» **Exercise description**
Starting at the first line of the data, print each line verbatim up to and including the line bearing "Spark PEDALの背面", omitting pictures.

» **Data listing**
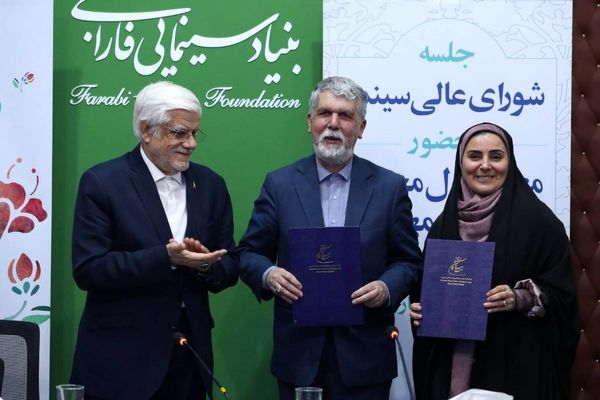 وزارت فرهنگ و ارشاد اسلامی زمینه بازگشت هنرمندان ایرانی خارج از کشور را به داخل فراهم کند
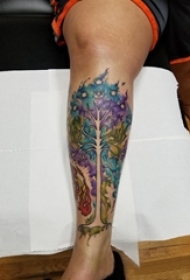 男生小腿上彩绘渐变简单抽象线条植物大树纹身图片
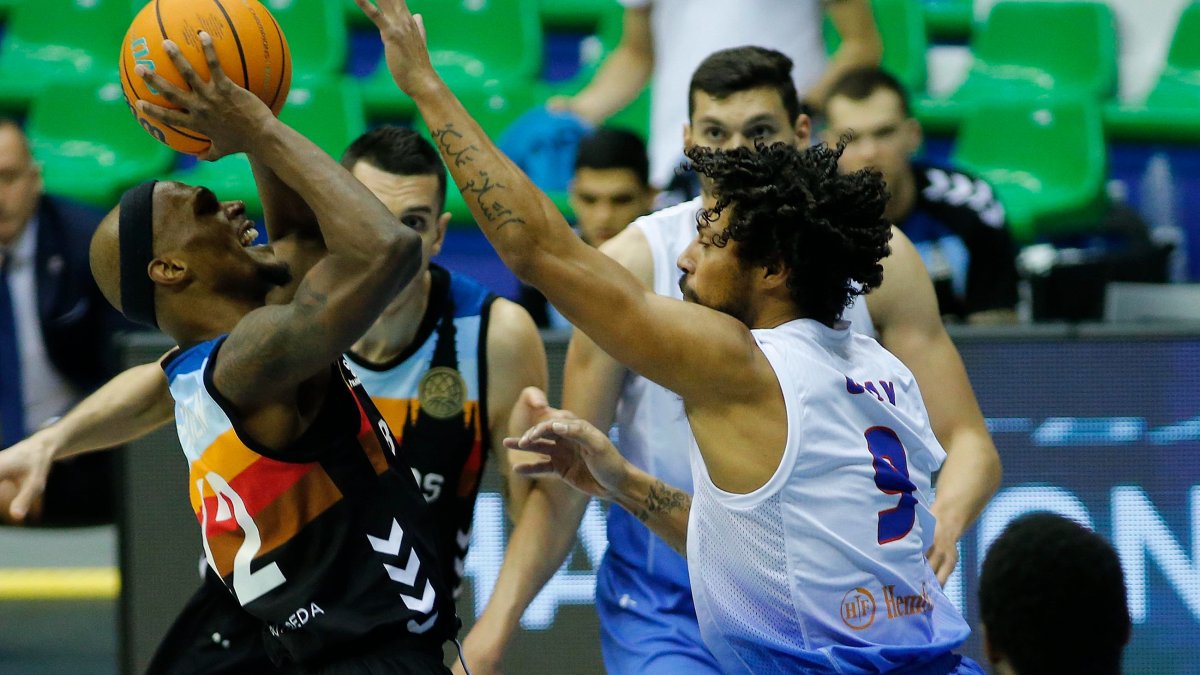 McFadden lanza a canasta en el partido europeo ante el Igokea. SANTI OTERO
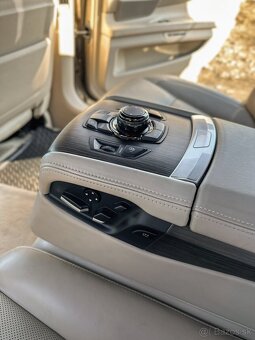 BMW 750Li xDrive 2009 - 13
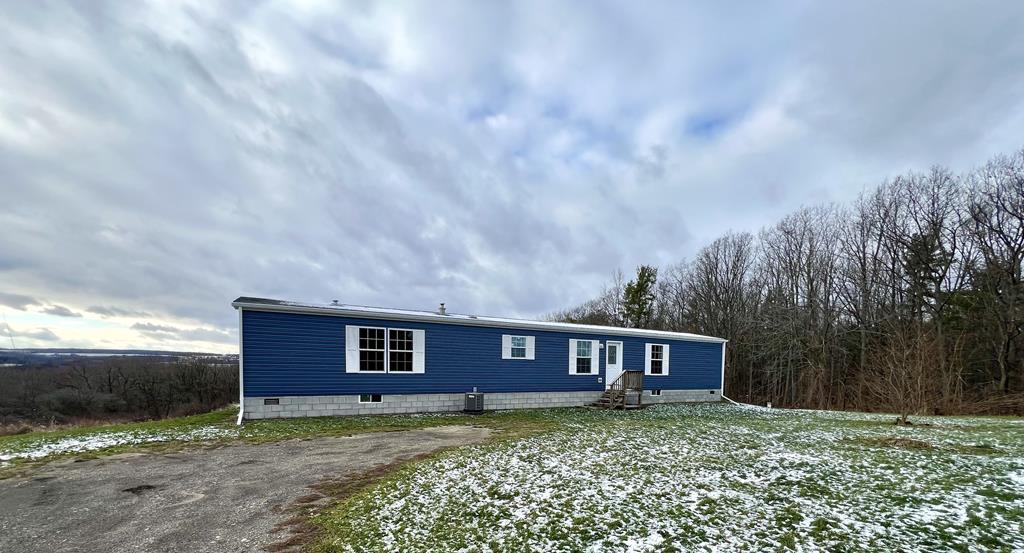 Finger Lake Real Estate Property - EC278110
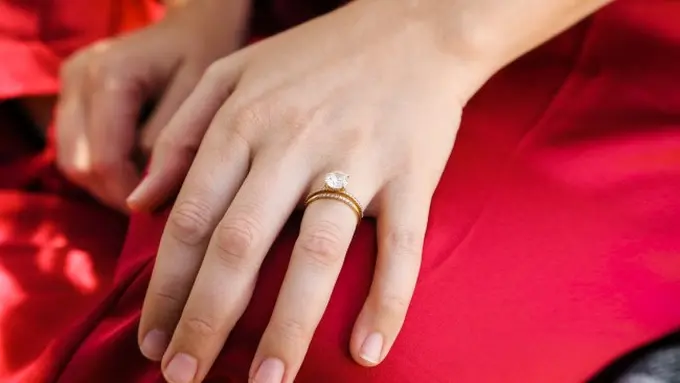 Ilustrasi Cincin Emas (Credit: Giorgio Trovato/Unsplash)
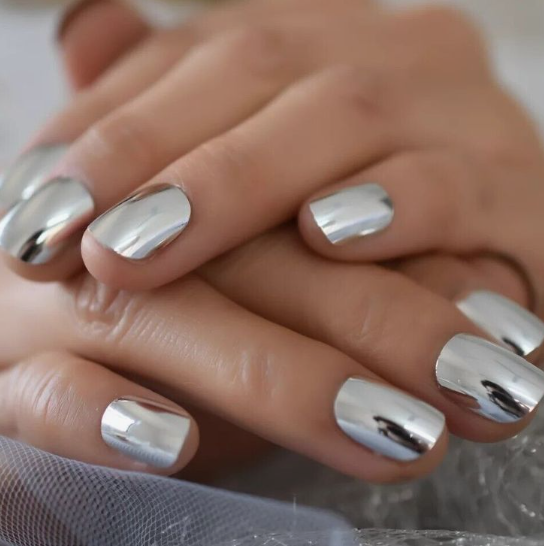 Short square nails featuring a reflective liquid silver chrome finish.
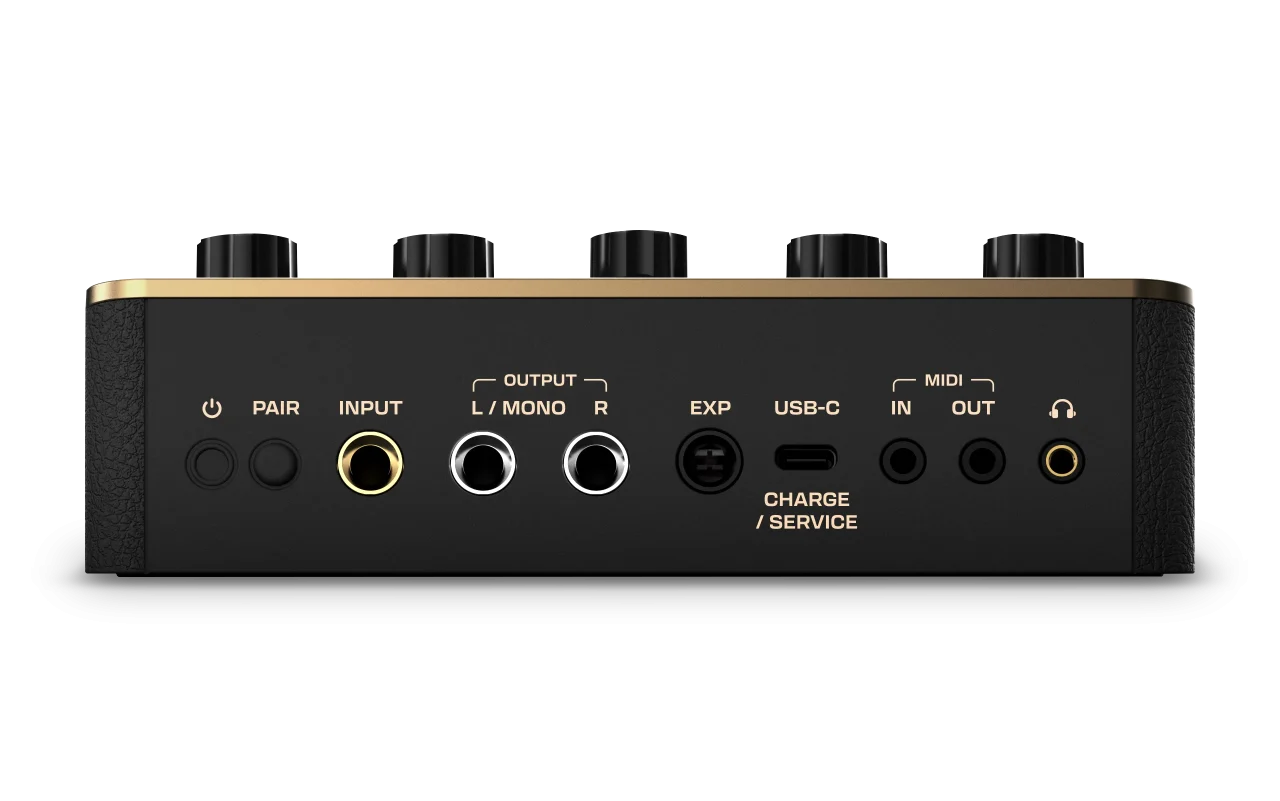 Spark PEDALの背面端子部。INPUT、OUTPUT、USB-C、MIDI、ヘッドフォン端子が確認できる。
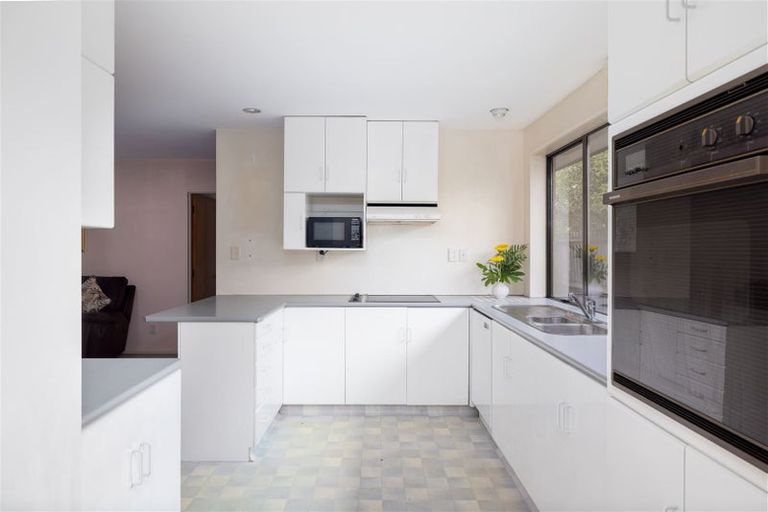 Photo of property in 81 Apsley Drive, Avonhead, Christchurch, 8042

» **Your solution**
 وزارت فرهنگ و ارشاد اسلامی زمینه بازگشت هنرمندان ایرانی خارج از کشور را به داخل فراهم کند
 男生小腿上彩绘渐变简单抽象线条植物大树纹身图片
 McFadden lanza a canasta en el partido europeo ante el Igokea. SANTI OTERO
 BMW 750Li xDrive 2009 - 13
 Finger Lake Real Estate Property - EC278110
 Ilustrasi Cincin Emas (Credit: Giorgio Trovato/Unsplash)
 Short square nails featuring a reflective liquid silver chrome finish.
 Spark PEDALの背面端子部。INPUT、OUTPUT、USB-C、MIDI、ヘッドフォン端子が確認できる。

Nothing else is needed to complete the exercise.